Load-cells that are placed under the mice's feet can sometimes lose signal because of a mechanical problem – the paddles that they stand on can get stuck either to one another or to the side of the perch. Check that these paddles are not hindered in their normal movement before investigating the electrical components.

Urine from the mice can easily get under the foot pads of the perch design. However, it is difficult to clean under the foot pads without fully disassembling the perch. If left and right feet force sensors stop working, it is possible that urine has collected beneath the foot pads and onto the force sensors. We have not had any issues with this as we use water-deprivation in our experiments, and they do not frequently urinate in the perch. If the paddles are moving smoothly and the electrical circuit is working, full disassembly of the perch may be required to clean under the paddles. While the sensitive components of the load-cell are covered in a protective material, liquid may still potentially damage them.

CRITICAL: We recommend keeping a known working circuit and load cell available to troubleshoot with. It would be beneficial to design the wiring components in such a way that disconnection and testing with known components is effortless and does not require full disassembly of the system (see Figures 7 and 8 for a suggestion as to how to accomplish this).

Problem 2: Noise in the Load Cell Signals

Load cell signals “flicker” in and out or are noisy.

Potential Solution

There are several causes of this. Noise in a subset of load cells, sometimes accompanied by intermittent loss and reappearance of signal, indicates a faulty connection. Inspect the connections from the noisy load cell and ensure they are properly soldered and intact. Noise across all load cells, however, could indicate electrical interference from other devices such as the laser power supply. We have not found a single solution to this problem. There are several things however that can be done to reduce it. One important solution is to use wiring between the load cell and the amplifier that is shielded. Noise can also be reduced using a common ground and power supply for all load cells, which is isolated from other circuitry.

Problem 3: Noise in the Neural Recordings

Neural recordings can display high amounts of electrical noise and a low signal-to-noise ratio

Potential Solution

There are several potential sources for both electrical noise and a low signal-to-noise ratio. Make sure the neural recording system is grounded and separated from other electrical devices. In addition, make sure that the electrode is well grounded on the skull screw during surgery. Tighten the wire around the screw and make sure it is firm during surgery. This will prevent any potential movement of the wire on the screw while the mice are moving. Lowering the electrode very slowly in the last millimeter is also important for obtaining high-quality recordings.

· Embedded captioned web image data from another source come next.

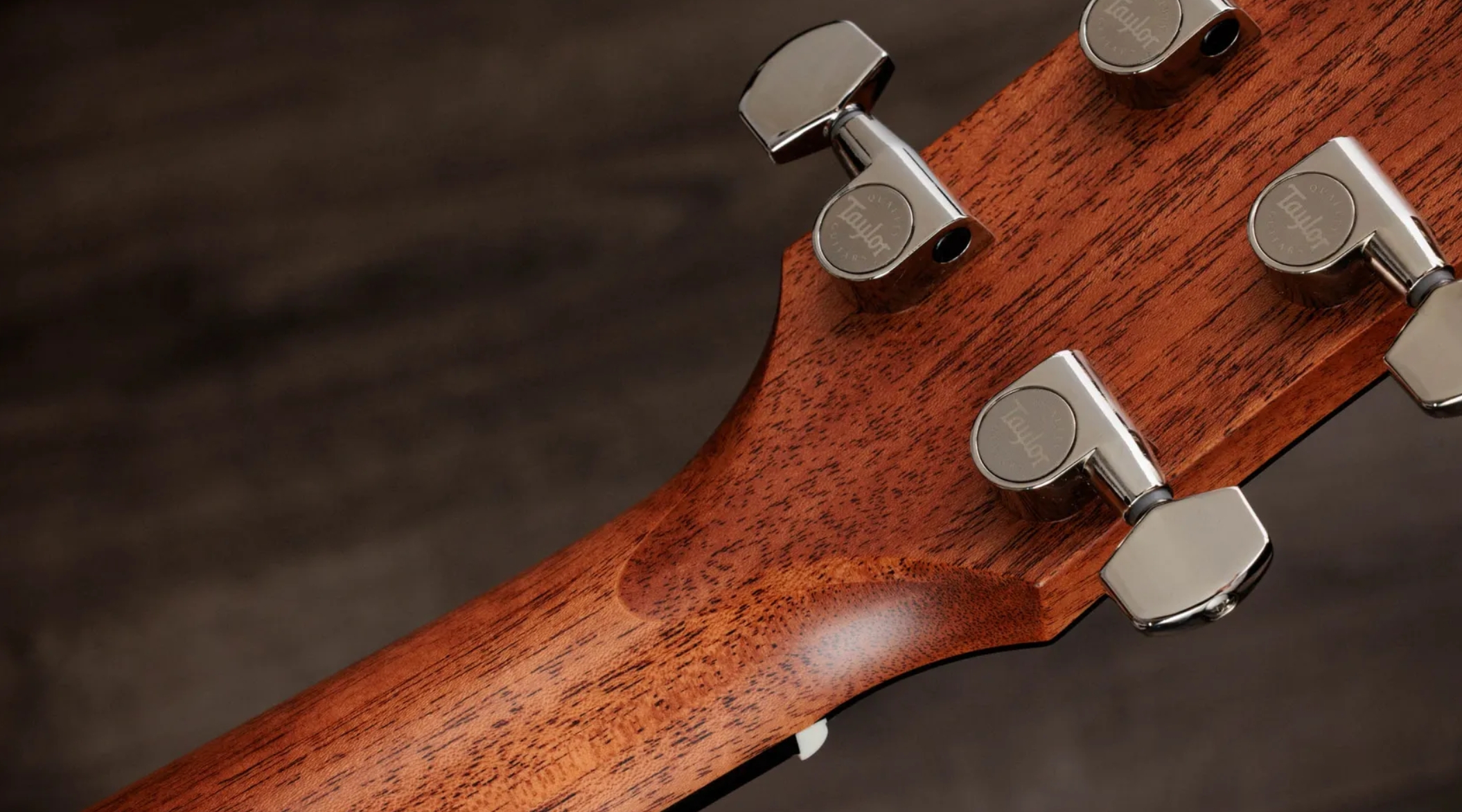 Taylor 510e Gold Label Dreadnought Epicea Acajou Eb - Natural - Folk gitaar - Variation 9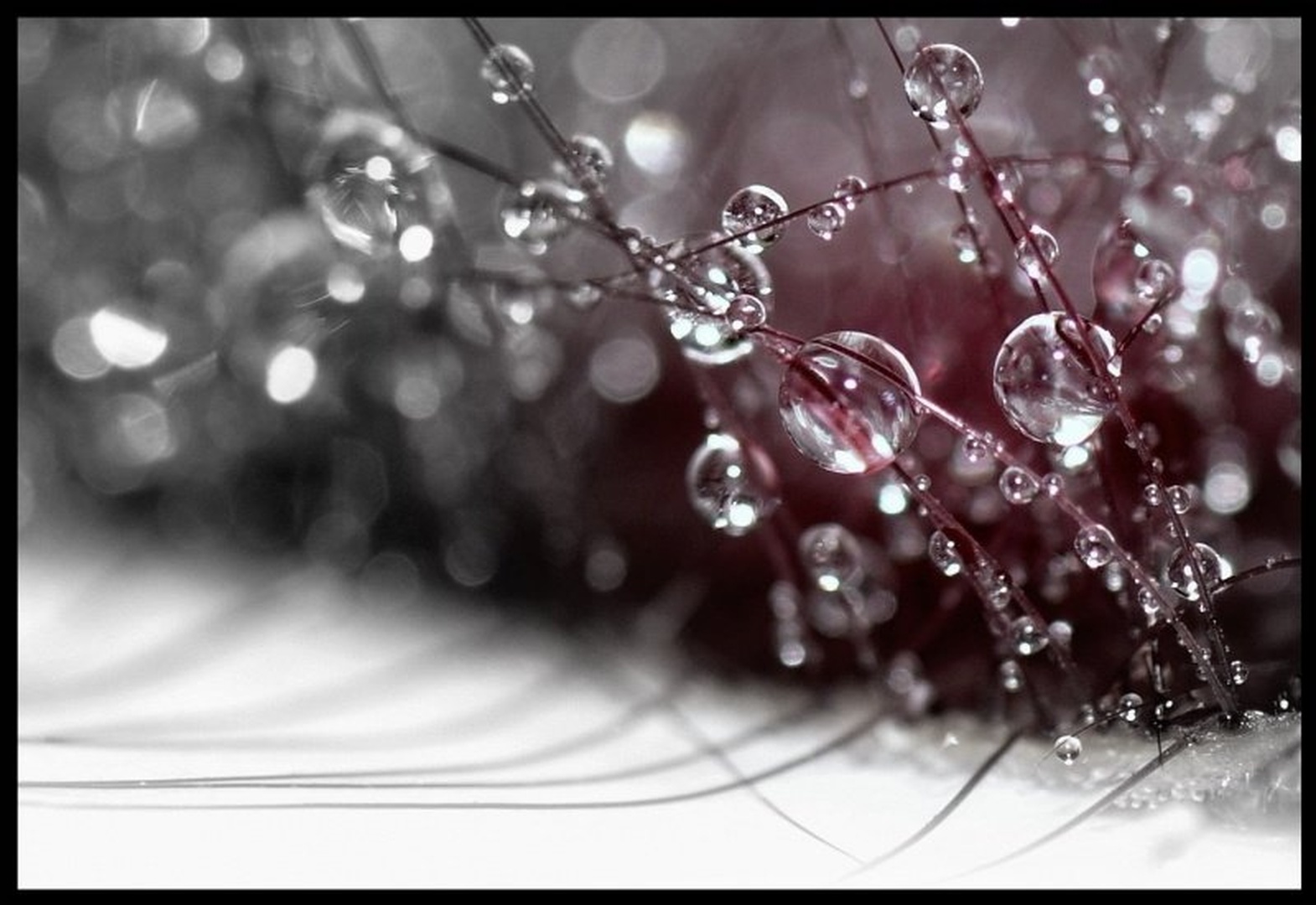 Drop by Jan Vatovec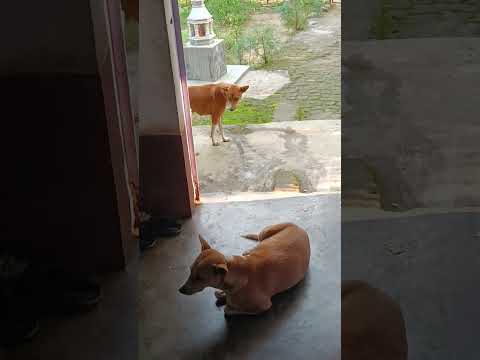 #subcribe #plz good morning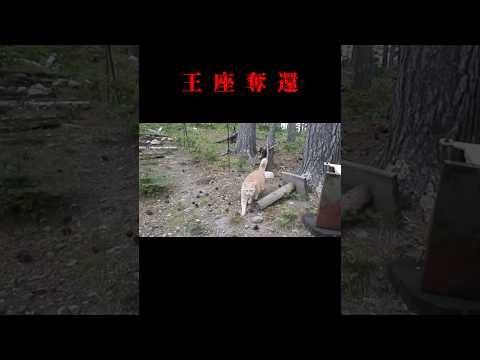 王座奪還 #猫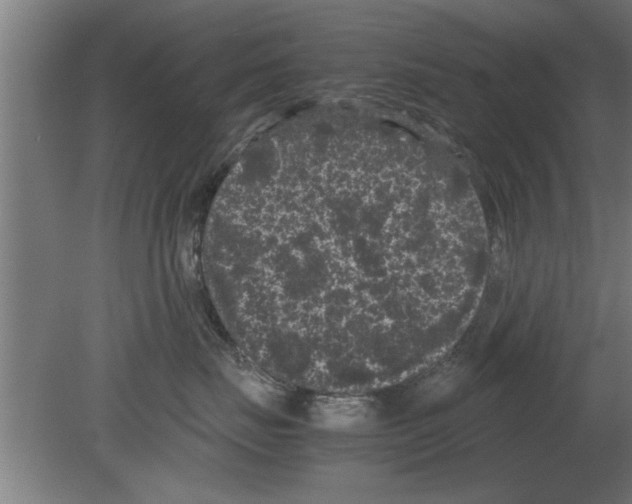 X0000080810671200701122242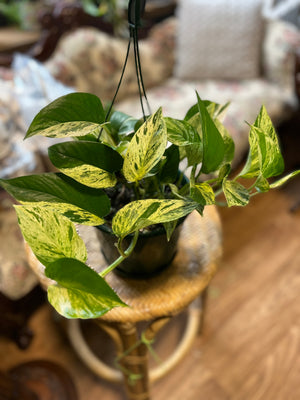 Pothos ‘marble queen’ epipremnum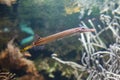 Trumpetfish Aulostomus maculatus Royalty Free Stock Photo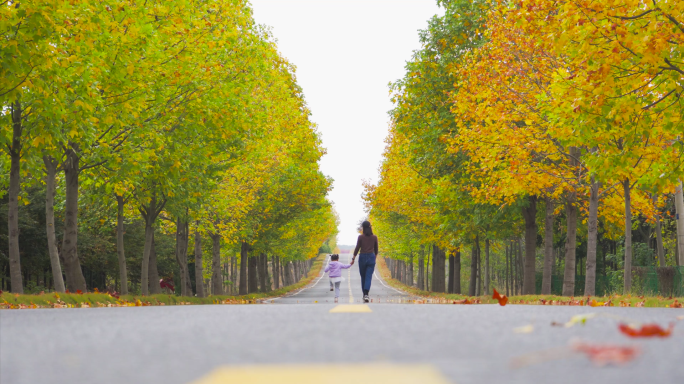 【3分钟】公路旅行 唯美金色秋景 落叶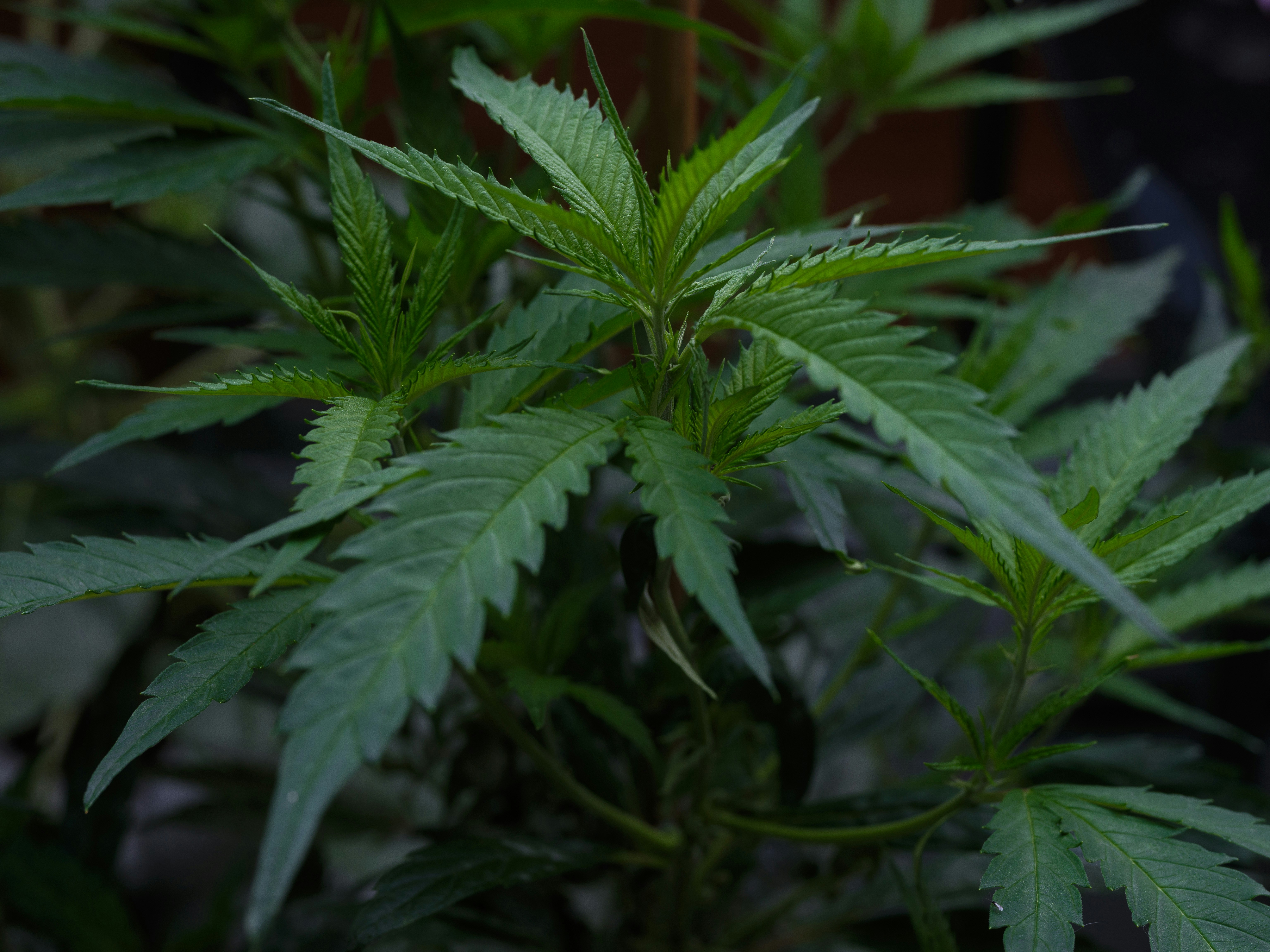 Photo by haberdoedas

Problem 4: Wearing Out of Plastic Pieces

Extensive use of the system will eventually wear down the printed components, particularly if they are printed with a low infill percentage PLA. The problem is usually one of rotation, whereby torque is continually applied to the plastic components at the screw holes. This gradually widens the holes and results in the load cell rotating orthogonally to its intended sensing direction. As a result, it distorts the registered force signal.

Potential Solution

The best solution we have found for this issue is to print with a more durable material (e.g., Alloy910 or NylonX) and to modify the components to include a small anti-rotation tab during printing that helps stabilize the load cell in the assembly.

Resource Availability

Lead Contact

Further information and requests for resources and reagents should be directed to and will be fulfilled by the Lead Contact, Henry H. Yin (hy43@duke.edu).

Materials Availability

Printing files for the calibration and the head-fixation devices are available upon request.

Data and Code Availability

Data and code are available upon request.